Exercise aim ▸
Copy exactly the lines of the data below, beginning with the line with "592 Apple Hill" and ending with the line with "1976 Chevrolet Caprice". Pictures are to be omitted.

Short descriptive text snippets ▸

· · ·

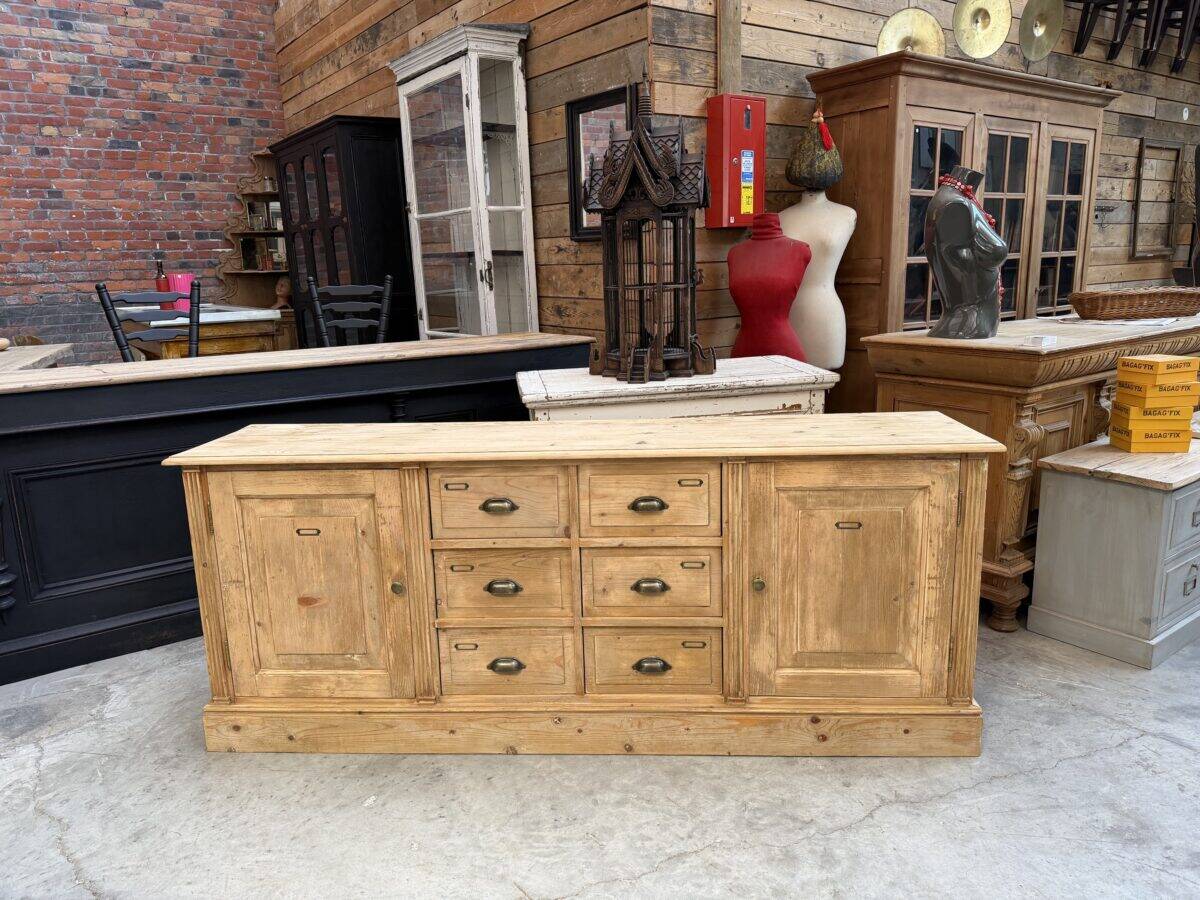 Workshop furniture made of fir.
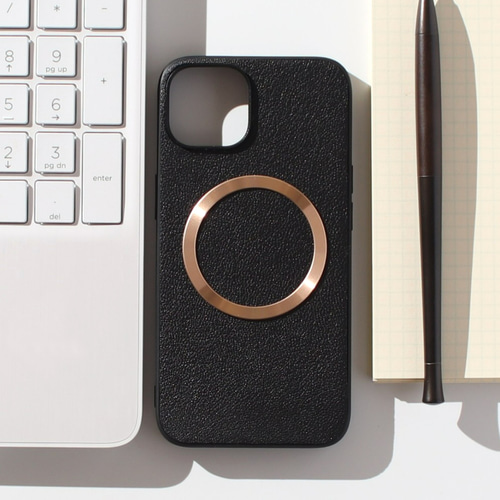 【Iphone15】ゴールドストラップ マグネット付き　ブラックレザー iphone ケース レザー 16 15 14 13 mini 本革 マグセーフ対応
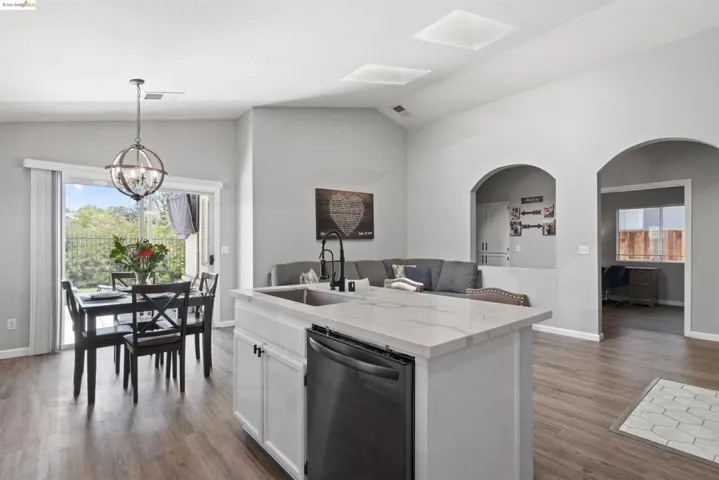 592 Apple Hill Dr, Brentwood (cc), California 94513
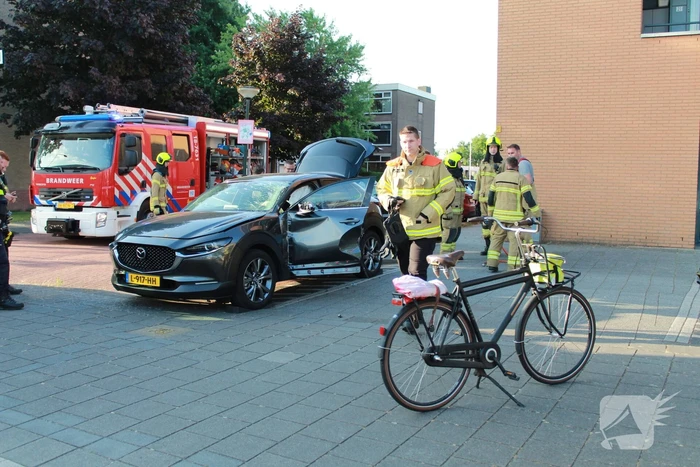Hevige schade bij ongeval op kruising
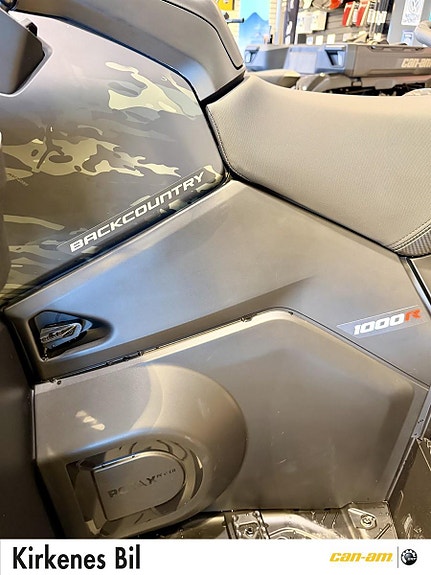 Can-Am Outlander MAX 1000 R Backcountry 11 of 12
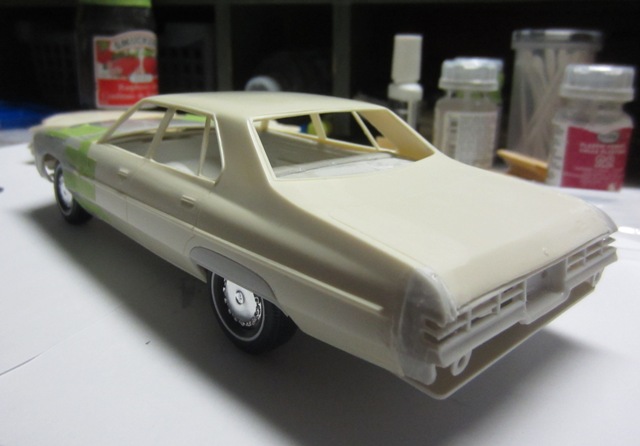 1976 Chevrolet Caprice Classic 4 portes sedan 011-vi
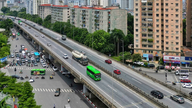 Hanoi foreslår løsninger for å håndtere feiljustering av noen brolagre på den forhøyede delen av Ringvei 3.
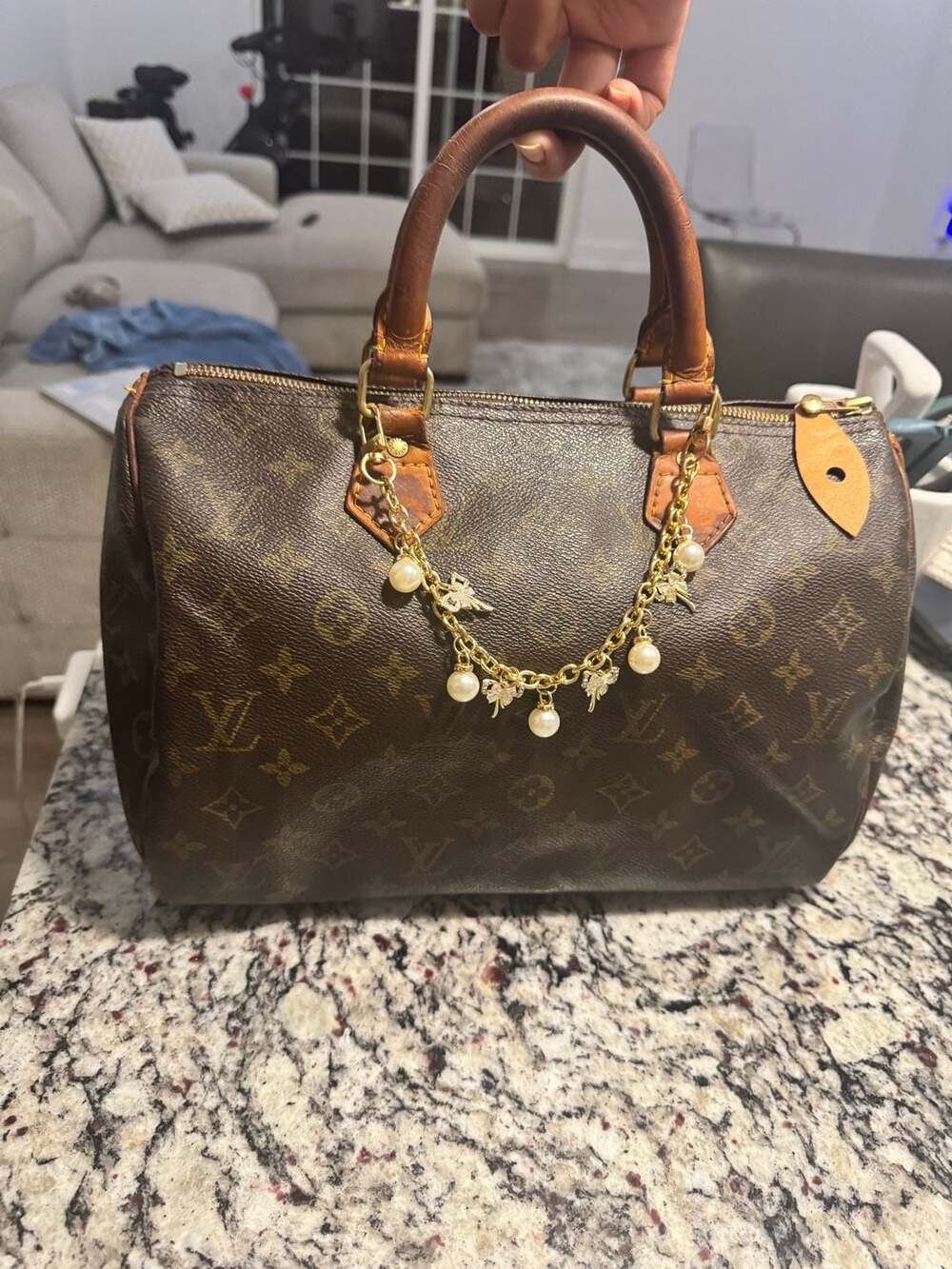 Louis Vuitton Speedy 30 Monogram Handbag Authentic w/ Legit App COA Charm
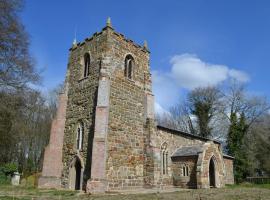 C12th Church conversion, hotel v destinaci Donington on Bain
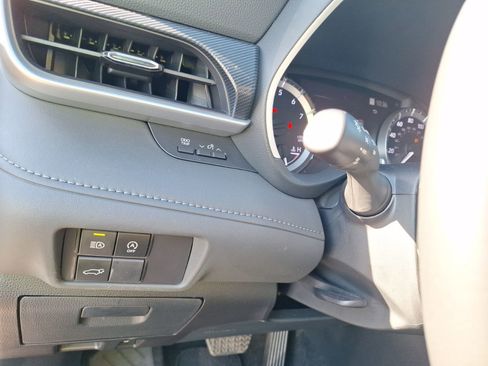 Used 2024 Toyota Highlander LE image 18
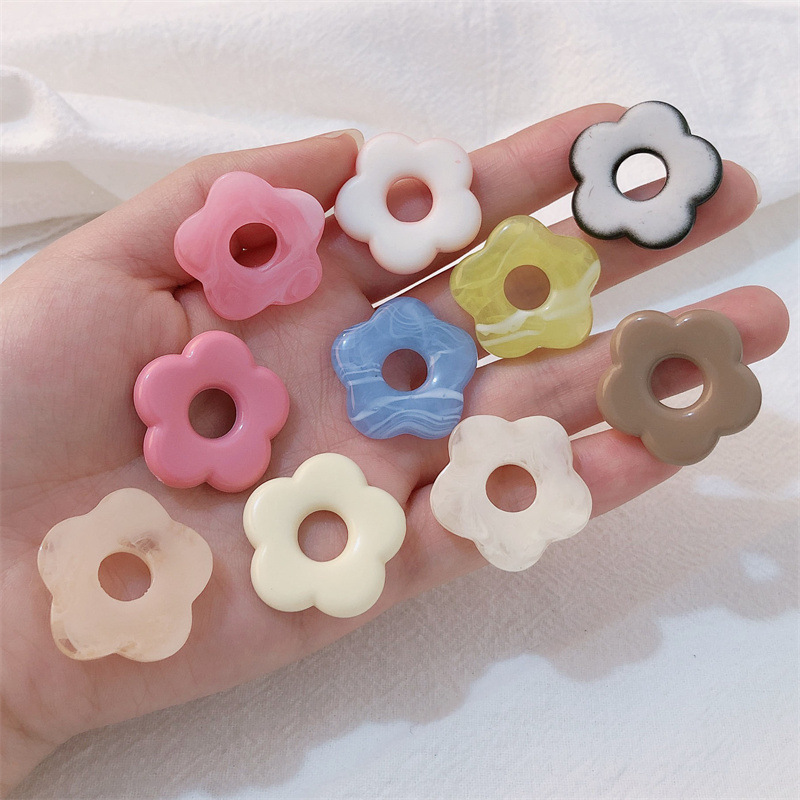 Resina transparente de color accesorios de flores coloridas flores pequeñas tazas de agua casca de teléfono móvil material de parche de flores hechas a mano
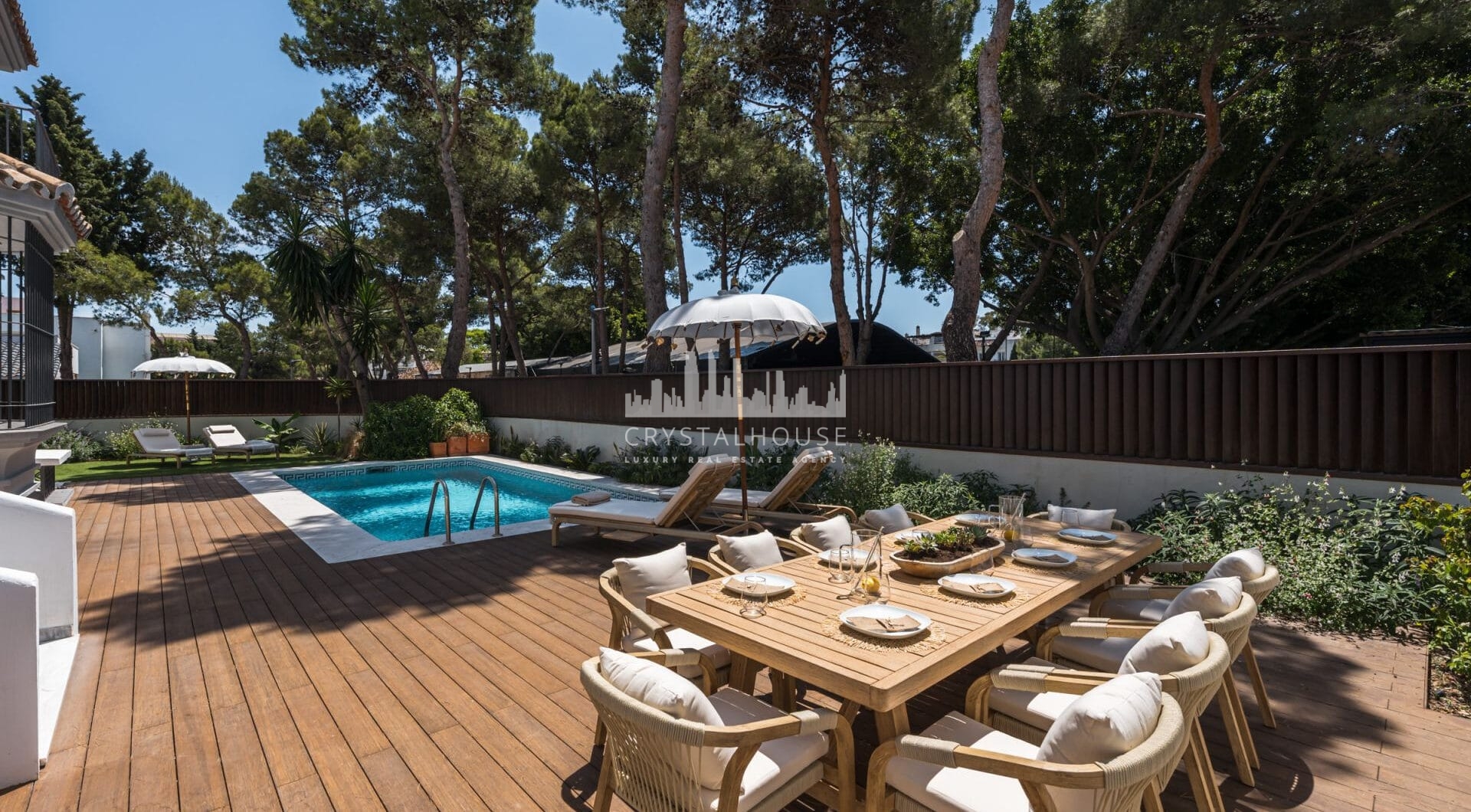 Casa Los Momentos to elegancka i przestronna willa z 6 sypialniami na sprzedaż, położona w bardzo atrakcyjnej enklawie mieszkalnej Altos del Rodeo w Nueva Andalucia, zaledwie kilka minut od Puerto Banús i najlepszych udogodnień Marbelli.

· · ·

Answer to the exercise ▸
 592 Apple Hill Dr, Brentwood (cc), California 94513
Hevige schade bij ongeval op kruising
 Can-Am Outlander MAX 1000 R Backcountry 11 of 12
 1976 Chevrolet Caprice Classic 4 portes sedan 011-vi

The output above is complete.